B. You´re right. And I know that place. Its........
Lesson Planning
How should we organise our lessons? In a perfect world the four language skills need to be combined in the
language classroom.

Reading – using meaningful material – the major source of input

Writing – lexical activities through which grammar is recycled

Listening – an activity vital for language learning

Speaking – to focus on fluency – remember accuracy is seen as subordinate
Our lessons need to focus on content and language in equal measure, and to achieve this often follow a four (or five)
stage framework.
It goes without saying that good, solid planning is crucial if you want to achieve your objectives and the writing of
the lesson plan has three important functions:

Clearly stating your objectives, and what you intend to do to achieve those objectives, helps you to think
logically through the stages in relation to the time you have available.

Having something to refer to in the lesson helps keep you on target (although it should never prevent you
from responding to the needs of the moment, if necessary).

Suitably amended after the lesson, a lesson plan acts as a record of what the class has done and might form
the basis for a future lesson plan with a similar class.
The stages in a basic lesson plan - Questions we need to ask ourselves are:

How will I break up the lesson time into stages?

What will be the purpose of each stage?

What will be my role at each stage?

How will the stages be linked?
Stages.
1 Introduction 3 - 5 minutes
Three elements usually comprise the introduction stage:
a) Greeting.
b) Brief revision of the previous lesson's objectives linked (if appropriate) to the lesson just commencing.
c) Lead-in and pre-teaching of new lexis and concept classification (if appropriate).
2 Presentation 12 - 15 minutes
This important and complex stage – of initial language exposure and practice – requires the teacher to adopt the
roles of controller and organiser.
New language (which may be structural, functional, lexical, phonological, etc.) is presented by direct method
(using the target language), visuals, cassette, text, etc.
Comprehension checks of meaning/use are through concept questions and of language/form through student
production.
3 Controlled practice 12 - 15 minutes
Here the teacher adopts the roles of organiser, assessor and prompter. This stage is mainly one of student
production.
The new language is practised using a variety of methods which may include various pattern practice drills,
choral work, pair and group work or individual practice using visual or audial cues.
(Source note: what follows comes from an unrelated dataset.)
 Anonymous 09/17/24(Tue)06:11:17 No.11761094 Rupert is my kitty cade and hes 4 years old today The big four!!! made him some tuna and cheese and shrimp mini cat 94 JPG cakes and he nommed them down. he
Learners are using familiar
vocabulary and the new language.
They are not expected to be creative at this stage.
4 Further practice (consolidation) 10 - 12 minutes
This stage is one of student production with the teacher adopting a 'gentle correction' approach and the roles of
organiser, prompter and assessor.
The gap between drills (or non-communicative activities) and real communication is narrowed by offering the
students choices and introducing creative elements requiring the production of the new language in new and
different situations.
5 Free stage 10-15 minutes
Again, this is a student production stage. Here the teacher has a limited organisational role and becomes an
assessor, prompter, participant and/or resource.
During the free stage the teacher sets up a role-play, game or interactive activity to see whether the students
can use the new language or not.
They can be as creative as they wish at this stage and effective use is more important than accuracy.